PROBLEM REQUIREMENTS: Here is the task for the records below: repeat exactly the lines from the one with "2015 Lexus Gs" to the one with "푸마와 함께하는 댄스 크루 훅의 뤠이젼(왼쪽), 아이키(가운데), 오드(오른쪽)", both included, and nothing else.
*** Begin section ***
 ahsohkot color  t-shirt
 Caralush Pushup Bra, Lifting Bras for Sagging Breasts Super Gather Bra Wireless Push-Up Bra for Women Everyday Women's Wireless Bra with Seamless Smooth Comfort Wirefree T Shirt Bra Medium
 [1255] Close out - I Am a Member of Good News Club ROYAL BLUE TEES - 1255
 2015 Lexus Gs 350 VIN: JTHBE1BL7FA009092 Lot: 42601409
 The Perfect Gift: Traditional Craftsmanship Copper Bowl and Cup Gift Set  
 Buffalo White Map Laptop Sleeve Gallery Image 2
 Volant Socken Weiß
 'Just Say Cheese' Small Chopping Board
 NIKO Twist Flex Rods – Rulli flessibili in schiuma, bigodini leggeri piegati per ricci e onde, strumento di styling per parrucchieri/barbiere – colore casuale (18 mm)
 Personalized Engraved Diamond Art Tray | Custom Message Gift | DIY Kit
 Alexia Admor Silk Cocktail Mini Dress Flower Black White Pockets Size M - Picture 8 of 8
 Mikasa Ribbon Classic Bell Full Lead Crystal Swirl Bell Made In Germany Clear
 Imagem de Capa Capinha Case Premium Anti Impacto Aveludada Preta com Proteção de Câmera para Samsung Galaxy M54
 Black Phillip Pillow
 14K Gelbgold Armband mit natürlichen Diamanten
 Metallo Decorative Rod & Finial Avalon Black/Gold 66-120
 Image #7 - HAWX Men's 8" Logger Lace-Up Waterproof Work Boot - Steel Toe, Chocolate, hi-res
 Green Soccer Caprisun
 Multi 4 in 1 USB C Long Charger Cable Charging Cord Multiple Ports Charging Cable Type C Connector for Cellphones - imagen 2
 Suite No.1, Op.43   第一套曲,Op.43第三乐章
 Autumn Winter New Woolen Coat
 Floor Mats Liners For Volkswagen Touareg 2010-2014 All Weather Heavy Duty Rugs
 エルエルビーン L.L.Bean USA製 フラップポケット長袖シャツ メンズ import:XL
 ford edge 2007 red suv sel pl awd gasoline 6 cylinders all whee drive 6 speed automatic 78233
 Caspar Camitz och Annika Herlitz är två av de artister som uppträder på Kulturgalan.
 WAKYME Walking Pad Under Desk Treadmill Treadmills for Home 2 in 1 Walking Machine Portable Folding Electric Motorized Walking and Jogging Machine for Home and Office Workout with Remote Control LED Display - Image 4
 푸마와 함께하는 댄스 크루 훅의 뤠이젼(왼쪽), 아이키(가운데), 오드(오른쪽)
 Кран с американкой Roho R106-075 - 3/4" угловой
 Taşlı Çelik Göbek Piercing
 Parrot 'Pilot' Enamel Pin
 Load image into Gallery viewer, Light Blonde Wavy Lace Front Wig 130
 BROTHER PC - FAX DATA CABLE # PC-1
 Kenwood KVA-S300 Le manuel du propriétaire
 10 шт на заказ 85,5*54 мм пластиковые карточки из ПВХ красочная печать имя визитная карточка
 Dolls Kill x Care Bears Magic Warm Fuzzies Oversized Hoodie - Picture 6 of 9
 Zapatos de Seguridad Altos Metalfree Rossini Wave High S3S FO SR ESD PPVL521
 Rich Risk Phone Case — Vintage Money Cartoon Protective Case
*** End section ***
TASK OUTPUT:
 2015 Lexus Gs 350 VIN: JTHBE1BL7FA009092 Lot: 42601409
 The Perfect Gift: Traditional Craftsmanship Copper Bowl and Cup Gift Set  
 Buffalo White Map Laptop Sleeve Gallery Image 2
 Volant Socken Weiß
 'Just Say Cheese' Small Chopping Board
 NIKO Twist Flex Rods – Rulli flessibili in schiuma, bigodini leggeri piegati per ricci e onde, strumento di styling per parrucchieri/barbiere – colore casuale (18 mm)
 Personalized Engraved Diamond Art Tray | Custom Message Gift | DIY Kit
 Alexia Admor Silk Cocktail Mini Dress Flower Black White Pockets Size M - Picture 8 of 8
 Mikasa Ribbon Classic Bell Full Lead Crystal Swirl Bell Made In Germany Clear
 Imagem de Capa Capinha Case Premium Anti Impacto Aveludada Preta com Proteção de Câmera para Samsung Galaxy M54
 Black Phillip Pillow
 14K Gelbgold Armband mit natürlichen Diamanten
 Metallo Decorative Rod & Finial Avalon Black/Gold 66-120
 Image #7 - HAWX Men's 8" Logger Lace-Up Waterproof Work Boot - Steel Toe, Chocolate, hi-res
 Green Soccer Caprisun
 Multi 4 in 1 USB C Long Charger Cable Charging Cord Multiple Ports Charging Cable Type C Connector for Cellphones - imagen 2
 Suite No.1, Op.43   第一套曲,Op.43第三乐章
 Autumn Winter New Woolen Coat
 Floor Mats Liners For Volkswagen Touareg 2010-2014 All Weather Heavy Duty Rugs
 エルエルビーン L.L.Bean USA製 フラップポケット長袖シャツ メンズ import:XL
 ford edge 2007 red suv sel pl awd gasoline 6 cylinders all whee drive 6 speed automatic 78233
 Caspar Camitz och Annika Herlitz är två av de artister som uppträder på Kulturgalan.
 WAKYME Walking Pad Under Desk Treadmill Treadmills for Home 2 in 1 Walking Machine Portable Folding Electric Motorized Walking and Jogging Machine for Home and Office Workout with Remote Control LED Display - Image 4
 푸마와 함께하는 댄스 크루 훅의 뤠이젼(왼쪽), 아이키(가운데), 오드(오른쪽)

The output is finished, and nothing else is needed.